The case group had anxiety higher than the control group in the present study. Anxiety disorders are common psychiatric disorders that often exist in patients with kidney failure undergoing dialysis (33). Ok and Kutlu (34) found that the patients' mean anxiety score was 4.72 based on the HADS, which differs greatly from our study.

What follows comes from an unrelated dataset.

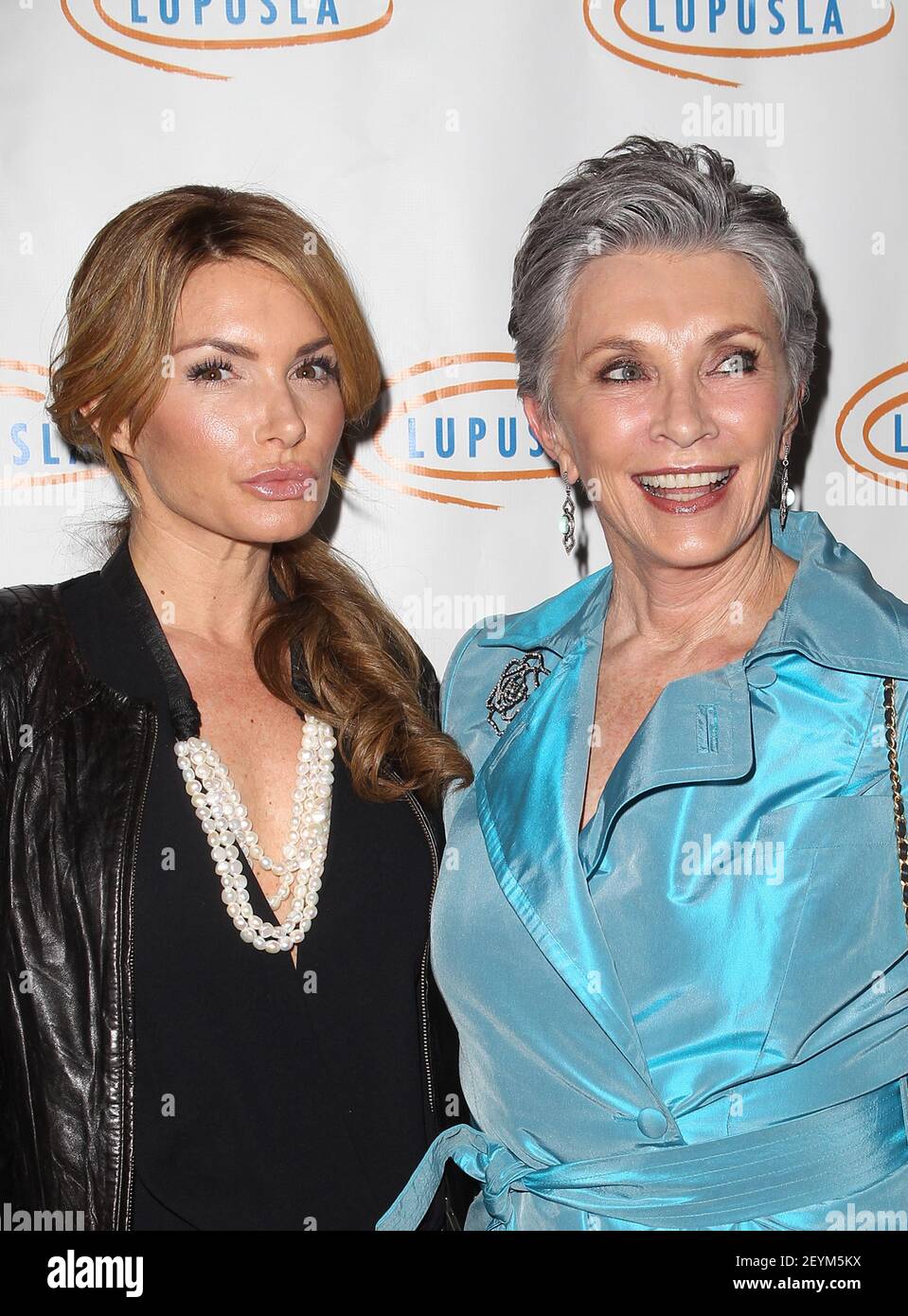 Eden sassoon and beverly adams hi-res stock photography and images - Alamy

According to our findings, hemodialysis patients had significantly higher coronavirus anxiety than the control group. Consistent with our study, Shi et al. (35) indicated that dialysis patients had higher anxiety during COVID-19. According to a study by Dehghan et al. (36) in Kerman province, the mean anxiety score of dialysis patients was 12.03, which was lower than our study. They also found that 30% of patients had moderate to severe anxiety. It was also mentioned that this higher anxiety in the COVID-19 era could be due to the worry of contracting COVID-19 and its various complications in dialysis patients because of their higher vulnerability.

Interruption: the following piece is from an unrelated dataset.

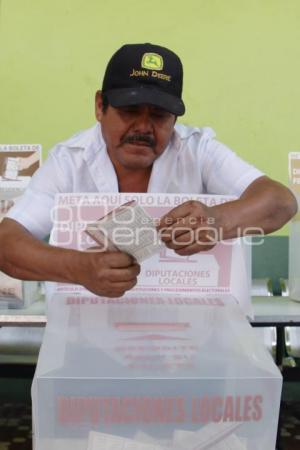 ELECCIONES 2024 . PETLALCINGO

The present study had limitations. First, the small number of research units decreased the research generalizability. Second, the subjective nature of the questionnaires was not as accurate as the specific psychiatric interview; third, the cross-sectional nature of the study could not determine the cause-effect relationship.
5.1. Conclusions
Our findings indicate that hemodialysis patients have lower scores for health-promoting behaviors and higher levels of hospital depression-anxiety and coronavirus anxiety compared to the control group. Planning and implementing health-promoting projects is necessary for dialysis patients to promote health-promoting behaviors and reduce their anxiety and depression. We suggest that other researchers conduct similar studies with a larger number of samples to investigate different strategies and improve anxiety, depression, and health-promoting behaviors in dialysis patients.